Canon vs Nikon: which camera should you buy?

Canon vs Nikon is the camera equivalent of iOS vs Android, even if the two Japanese mega-brands are no longer the all-conquering giants they once were. For many people who are buying a new camera, it's still generally one of the two that first-time buyers will settle on.

Thanks to Canon and Nikon's heritage and lens ranges, this is particularly the case if you're looking to buy a DSLR. If you’re new to the game, picking your first model can be a difficult choice. Whichever brand you plump with, it stands a good chance that you’ll be with them for many years to come – especially once you’ve started investing in compatible lenses and accessories. 

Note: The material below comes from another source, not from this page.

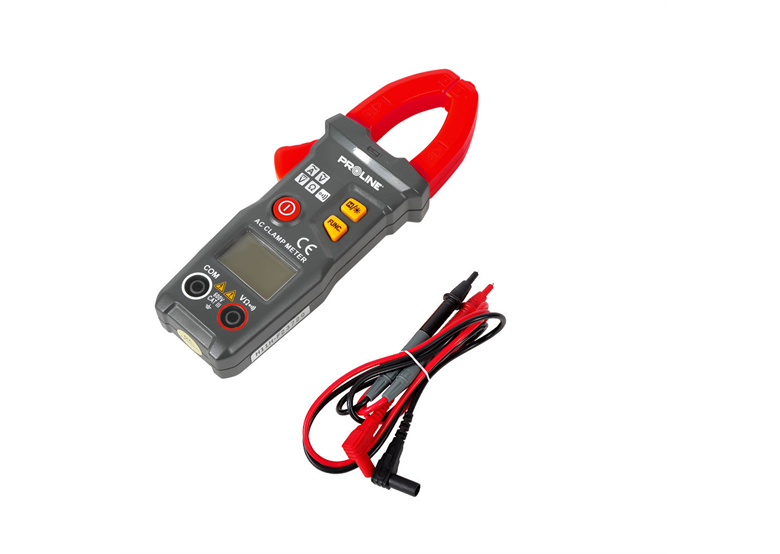 Miernik uniwersalny cęgowy 600V Proline 15187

Once you’re a bit more into it and looking for the next step up, there’s a plethora of mid-range options to muddle through, and even those who have gone on to become seasoned pros still have some choices to make.

The good news is that both companies make excellent DSLRs. The hard part is picking the one that suits your needs best – with each having several on the market at any one given time, it can be tricky to choose the right one. 

That’s where we come in. We’ve rounded up the main DSLRs which are currently available from the two big companies, comparing them with its biggest rival – usually that which is in the same price bracket. 

Both Canon and Nikon both now also have mirrorless options - so we’ll be looking at those too, for completeness. 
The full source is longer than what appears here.